Over the past few years, India has witnessed a clear trend of large conglomerates separating their businesses to unlock value and provide each vertical with sharper strategic focus. Investors generally favour pure-play companies because they offer clearer financial visibility, improved capital allocation, and stronger management accountability. 

This trend is visible in groups like Reliance, ITC, L&T, and Aditya Birla, which have pursued demergers across telecom, hospitality, tech services, and fashion. Adani Enterprises, with its broad portfolio, has similarly incubated high-growth verticals such as Adani Connex and Adani Airports, both of which could potentially operate as independent entities in the future.

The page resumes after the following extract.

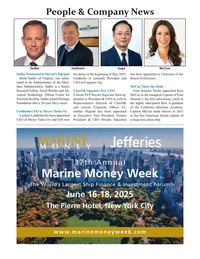 Maritime Reporter Magazine, page 45,  Apr 2025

Among its diverse businesses, Adani Connex and Adani Airports are emerging as fast-growing verticals with the potential to function independently. Adani Connex is capitalising on India’s rapidly expanding data-centre market, spurred by the adoption of cloud services, AI technologies, and government incentives. 

Meanwhile, Adani Airports continues to expand operations across multiple airports, benefiting from rising passenger traffic and upcoming projects such as the Navi Mumbai airport. Both verticals are positioned for substantial growth and could attract significant investor attention if separated from the parent company.

Adani Connex

AdaniConneX, a 50:50 joint venture between Adani Enterprises and EdgeConneX, was established to transform India’s data-centre ecosystem. The venture aims to create a one-gigawatt data-centre platform that prioritises environmental sustainability and social responsibility, combining Adani Group’s robust infrastructure expertise with EdgeConneX’s global experience as one of the largest private data-centre operators. In a market driven by digital adoption, AdaniConneX is positioning itself to deliver advanced solutions aligned with India’s evolving technological ambitions.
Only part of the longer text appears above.